Convertir clases de columna en data.table

Tengo un problema al utilizar data.table: ¿cómo convierto las clases de columna? Aquí hay un ejemplo simple: con data.frame no tengo problemas para convertirlo, con data.table simplemente no sé cómo:

df <- data.frame(ID=c(rep("A", 5), rep("B",5)), Quarter=c(1:5, 1:5), value=rnorm(10)) #One way: http://stackoverflow.com/questions/2851015/r-convert-data-frame-columns-from-factors-to-characters df <- data.frame(lapply(df, as.character), stringsAsFactors=FALSE) #Another way df[, "value"] <- as.numeric(df[, "value"]) library(data.table) dt <- data.table(ID=c(rep("A", 5), rep("B",5)), Quarter=c(1:5, 1:5), value=rnorm(10)) dt <- data.table(lapply(dt, as.character), stringsAsFactors=FALSE) #Error in rep("", ncol(xi)) : invalid 'times' argument #Produces error, does data.table not have the option stringsAsFactors? dt[, "ID", with=FALSE] <- as.character(dt[, "ID", with=FALSE]) #Produces error: Error in `[<-.data.table`(`*tmp*`, , "ID", with = FALSE, value = "c(1, 1, 1, 1, 1, 2, 2, 2, 2, 2)") : #unused argument(s) (with = FALSE) 

¿Extraño algo obvio aquí?

Actualización debido a la publicación de Matthew: utilicé una versión anterior antes, pero incluso después de actualizar a 1.6.6 (la versión que uso ahora) sigo recibiendo un error.

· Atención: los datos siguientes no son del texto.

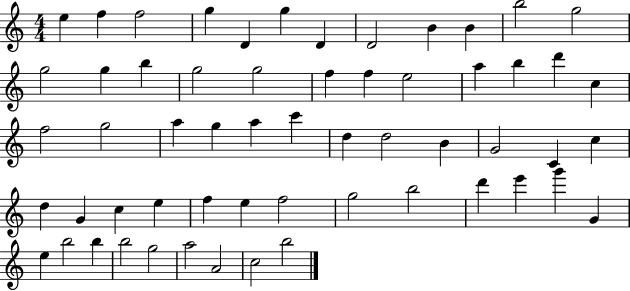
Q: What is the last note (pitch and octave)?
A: B5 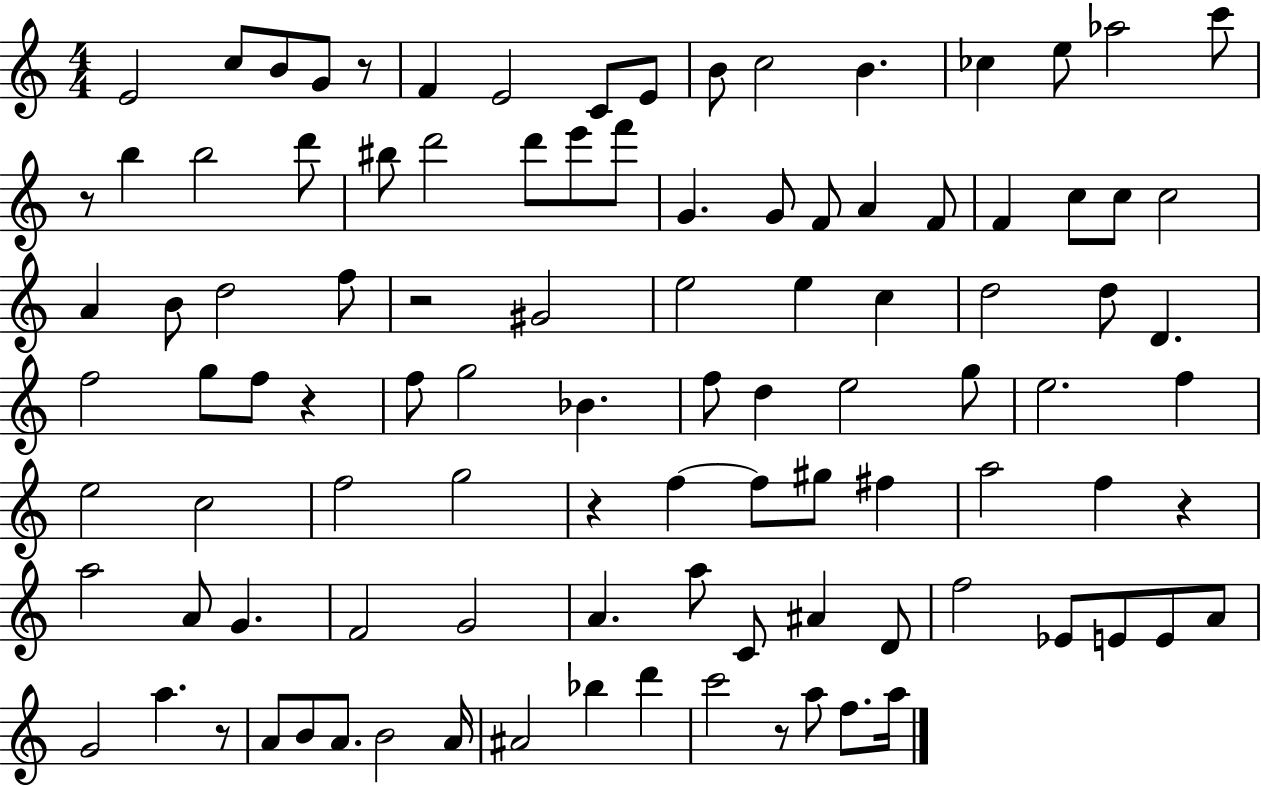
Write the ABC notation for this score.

X:1
T:Untitled
M:4/4
L:1/4
K:C
E2 c/2 B/2 G/2 z/2 F E2 C/2 E/2 B/2 c2 B _c e/2 _a2 c'/2 z/2 b b2 d'/2 ^b/2 d'2 d'/2 e'/2 f'/2 G G/2 F/2 A F/2 F c/2 c/2 c2 A B/2 d2 f/2 z2 ^G2 e2 e c d2 d/2 D f2 g/2 f/2 z f/2 g2 _B f/2 d e2 g/2 e2 f e2 c2 f2 g2 z f f/2 ^g/2 ^f a2 f z a2 A/2 G F2 G2 A a/2 C/2 ^A D/2 f2 _E/2 E/2 E/2 A/2 G2 a z/2 A/2 B/2 A/2 B2 A/4 ^A2 _b d' c'2 z/2 a/2 f/2 a/4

Actualización 2: supongamos que quiero convertir cada columna del “factor” de clase en una columna de “carácter”, pero no sé de antemano qué columna es de qué clase. Con un data.frame, puedo hacer lo siguiente:

 classes <- as.character(sapply(df, class)) colClasses <- which(classes=="factor") df[, colClasses] <- sapply(df[, colClasses], as.character) 

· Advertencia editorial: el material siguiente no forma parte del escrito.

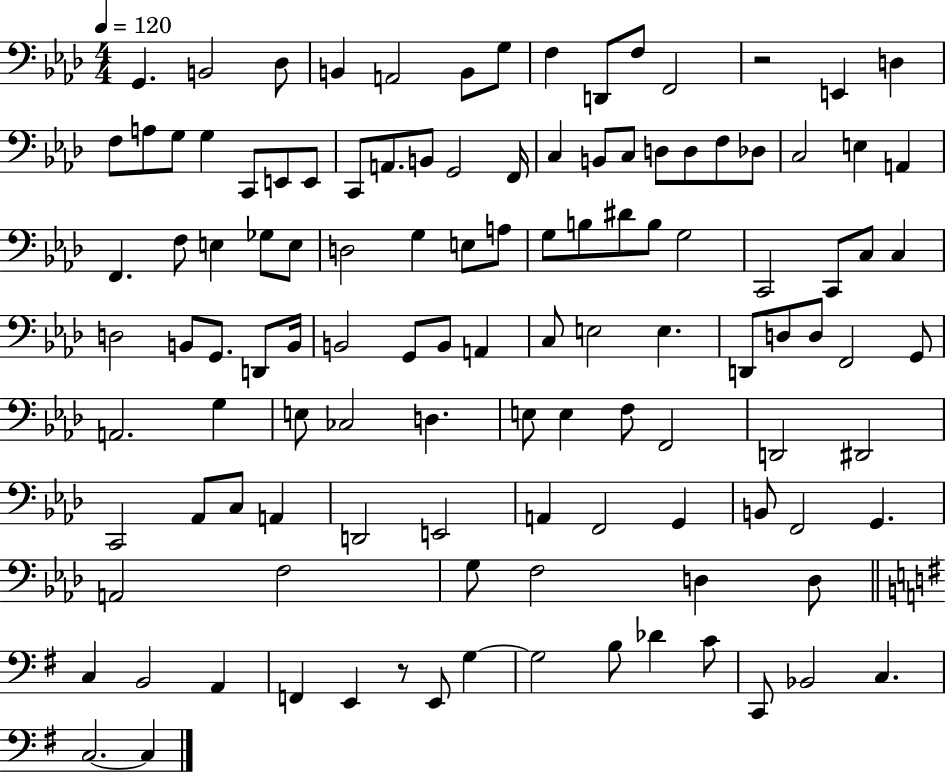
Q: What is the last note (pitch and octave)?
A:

¿Puedo hacer algo similar con data.table?

Actualización 3:

sessionInfo () R versión 2.13.1 (2011-07-08) Plataforma: x86_64-pc-mingw32 / x64 (64-bit)

 locale: [1] C attached base packages: [1] stats graphics grDevices utils datasets methods base other attached packages: [1] data.table_1.6.6 loaded via a namespace (and not attached): [1] tools_2.13.1 

Para una sola columna:

 dtnew <- dt[, Quarter:=as.character(Quarter)] str(dtnew) Classes 'data.table' and 'data.frame': 10 obs. of 3 variables: $ ID : Factor w/ 2 levels "A","B": 1 1 1 1 1 2 2 2 2 2 $ Quarter: chr "1" "2" "3" "4" ... $ value : num -0.838 0.146 -1.059 -1.197 0.282 ... 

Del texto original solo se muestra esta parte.